6. Not solving the information quality problems at the source

Because the data warehouse tends to be an expensive project, the temptation is to cut the costs of development by cutting the wrong costs.

Many high-priced consultants advise you not to attempt to correct information quality problems at the source. They may be unaware of or uncaring about problems in the source or other value chain processes that are failing; or they may tell you it is "out of scope" to your data warehouse and will "lengthen" the project. They may also tell you that the politics of the organization will not let you get at the source data. If someone tells you this, you know they do not have the best interest of your enterprise at heart. Implementing this advice causes several problems:

It fails to solve the root cause of the problem, causing you to sub-optimize the effort in data correction. By not performing data correction at the source, you fail to get the benefits of the corrected data within the source system and the downstream systems that depend on the data from that source.
It creates a brand new quality problem-inconsistency. Data in the source is now inconsistent with data in the data warehouse. Queries from the two databases will not yield the same answers, straining the credibility of the information systems staff. One data warehouse developer considered the data warehouse a success if the business "trusted the data in the data warehouse more than the data in the source systems." The sad reality of this was that the organization would have been far better served if they had just corrected the data at the source. They would have been able to answer the same queries without all the expense of the data warehouse!!!
It can cause subsequent corruption to the data warehouse when uncorrected or duplicate data from the source gets propagated inadvertently in a subsequent extract and load process.
It increases the overall costs of information scrap and rework by "institutionalizing" the corrective maintenance, keeping you in the data "sanitation" business permanently, with the continuing costs of information scrap and rework and process failure caused by the defective data in the source databases. By managing data at the source you gain the benefits of:
Solving IQ problems at its true source
Leveraging and increasing the value of your data warehouse data cleansing effort by reducing the costs of information scrap and rework in the processes that continue to use data from the source databases
Reducing the ongoing costs of data correction (information scrap and rework) in the ongoing ECTL* processes
Increasing the value of the operational data, enabling trust in it, and the ability to solve more problems from the operational databases. In some cases this can prevent the need to build operational data stores, data warehouses or data marts in the first place because the business needs can now be met from the operational databases.
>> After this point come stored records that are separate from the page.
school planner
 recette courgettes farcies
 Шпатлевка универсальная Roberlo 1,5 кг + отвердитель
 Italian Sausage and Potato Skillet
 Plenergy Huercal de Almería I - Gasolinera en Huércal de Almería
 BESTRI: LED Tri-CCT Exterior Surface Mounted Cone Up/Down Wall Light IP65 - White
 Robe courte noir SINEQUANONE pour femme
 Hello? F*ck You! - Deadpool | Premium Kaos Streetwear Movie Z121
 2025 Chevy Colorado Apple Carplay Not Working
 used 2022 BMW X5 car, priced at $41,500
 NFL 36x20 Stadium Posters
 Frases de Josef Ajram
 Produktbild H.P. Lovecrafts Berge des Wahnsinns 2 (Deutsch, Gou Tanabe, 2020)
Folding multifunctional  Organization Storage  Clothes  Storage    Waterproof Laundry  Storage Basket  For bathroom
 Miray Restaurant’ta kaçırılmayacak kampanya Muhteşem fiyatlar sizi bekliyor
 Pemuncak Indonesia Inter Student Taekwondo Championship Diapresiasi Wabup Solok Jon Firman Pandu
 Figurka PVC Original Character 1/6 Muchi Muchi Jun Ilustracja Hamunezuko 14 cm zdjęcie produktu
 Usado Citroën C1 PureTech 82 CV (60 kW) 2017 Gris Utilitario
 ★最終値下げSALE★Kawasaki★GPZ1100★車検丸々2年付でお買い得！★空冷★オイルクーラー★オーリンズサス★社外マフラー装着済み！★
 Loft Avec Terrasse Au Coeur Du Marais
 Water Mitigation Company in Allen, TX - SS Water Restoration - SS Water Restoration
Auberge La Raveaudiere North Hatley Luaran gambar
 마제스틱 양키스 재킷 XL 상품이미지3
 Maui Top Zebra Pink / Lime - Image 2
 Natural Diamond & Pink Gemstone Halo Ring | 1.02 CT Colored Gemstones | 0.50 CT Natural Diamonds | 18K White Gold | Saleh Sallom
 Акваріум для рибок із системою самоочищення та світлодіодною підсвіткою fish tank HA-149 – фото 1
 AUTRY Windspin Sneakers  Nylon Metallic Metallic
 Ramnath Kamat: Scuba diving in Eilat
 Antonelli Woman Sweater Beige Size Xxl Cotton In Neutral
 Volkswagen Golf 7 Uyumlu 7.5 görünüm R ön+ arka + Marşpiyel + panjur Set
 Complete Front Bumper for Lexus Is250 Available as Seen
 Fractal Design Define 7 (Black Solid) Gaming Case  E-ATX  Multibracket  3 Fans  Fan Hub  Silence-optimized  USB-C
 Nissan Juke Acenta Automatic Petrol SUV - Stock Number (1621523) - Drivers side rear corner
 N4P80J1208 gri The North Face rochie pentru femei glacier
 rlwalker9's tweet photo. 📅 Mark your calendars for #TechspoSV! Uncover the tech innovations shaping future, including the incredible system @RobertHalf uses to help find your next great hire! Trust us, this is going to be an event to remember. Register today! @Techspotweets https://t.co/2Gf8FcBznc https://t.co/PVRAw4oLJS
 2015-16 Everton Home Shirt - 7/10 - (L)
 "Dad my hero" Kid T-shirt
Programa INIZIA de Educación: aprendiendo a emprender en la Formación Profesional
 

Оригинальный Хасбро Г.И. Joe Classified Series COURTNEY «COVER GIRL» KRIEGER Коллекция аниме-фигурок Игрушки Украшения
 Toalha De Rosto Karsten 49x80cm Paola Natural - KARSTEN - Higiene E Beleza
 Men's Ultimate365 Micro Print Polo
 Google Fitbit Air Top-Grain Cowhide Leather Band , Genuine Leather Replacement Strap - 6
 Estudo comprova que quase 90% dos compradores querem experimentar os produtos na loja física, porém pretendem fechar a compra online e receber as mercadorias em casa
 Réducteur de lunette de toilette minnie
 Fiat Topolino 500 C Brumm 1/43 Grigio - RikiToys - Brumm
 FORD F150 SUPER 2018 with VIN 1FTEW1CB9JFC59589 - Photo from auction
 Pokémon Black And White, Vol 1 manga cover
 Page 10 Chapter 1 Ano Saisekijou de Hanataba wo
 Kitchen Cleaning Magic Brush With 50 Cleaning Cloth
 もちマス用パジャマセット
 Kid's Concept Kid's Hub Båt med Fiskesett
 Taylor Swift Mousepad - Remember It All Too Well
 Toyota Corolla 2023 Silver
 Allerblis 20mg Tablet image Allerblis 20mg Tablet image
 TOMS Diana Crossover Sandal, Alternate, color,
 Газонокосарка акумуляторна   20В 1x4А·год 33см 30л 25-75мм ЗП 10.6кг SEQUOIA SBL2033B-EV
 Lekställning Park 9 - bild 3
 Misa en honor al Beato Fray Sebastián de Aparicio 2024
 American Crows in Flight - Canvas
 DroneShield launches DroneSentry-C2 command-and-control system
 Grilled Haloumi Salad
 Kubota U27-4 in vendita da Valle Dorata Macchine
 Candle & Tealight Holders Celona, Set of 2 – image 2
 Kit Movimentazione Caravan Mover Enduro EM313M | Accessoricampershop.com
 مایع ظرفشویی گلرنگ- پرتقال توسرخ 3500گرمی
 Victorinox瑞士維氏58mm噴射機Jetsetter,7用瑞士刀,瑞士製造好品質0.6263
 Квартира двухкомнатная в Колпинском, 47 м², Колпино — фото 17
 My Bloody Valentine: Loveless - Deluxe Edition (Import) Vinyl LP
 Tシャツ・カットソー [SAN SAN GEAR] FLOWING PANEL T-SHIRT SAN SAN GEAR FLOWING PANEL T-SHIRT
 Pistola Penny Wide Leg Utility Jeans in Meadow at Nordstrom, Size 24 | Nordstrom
7. Inappropriate "Ownership" of data correction/cleanup processes

Often the data correction process is delegated to "take care of cleaning" the data. Management of the source information areas do not have time nor resources to correct it, nor do they have motivation to correct it since their processes "work just fine."

But software alone cannot "cleanse" the data unattended. Nor can IT personnel correct and "cleanse" data to an acceptable level for the downstream knowledge workers, the actual "customers" of the data." The data correction process must be a partnership between the managers of the source information business areas, the data warehouse and information quality staff, and the manager(s) of the downstream information customer or beneficiary business area(s). The managers of the source business areas are the actual process owners of the data correction process, but the requirements of the data correction activities come from the downstream information customer business areas.

Funding for the data correction may come from the beneficiary customer areas or from a one-time enterprise data correction fund. Where you find significant IQ problems, you should:

Improve the source processes to error proof them and prevent further nonquality information
Provide education and training in information quality to the managers and information producers, including an identification of who are the customers of the information, the processes and decisions using it, and the costs when the quality is deficient
Develop a procedure for all employees who discover errors to correct them directly or communicate the corrections to the process owner of the respective create processes

After the initial data correction activities and the above information quality principles are put in place, the source business area managers are held accountable for the quality of the information required by their downstream information customers. At this point, you may implement charge back mechanisms to charge back the data correction costs to the respective process owners. The quality principle from Kaizen is "make no defects, pass no defects on, and accept no defects."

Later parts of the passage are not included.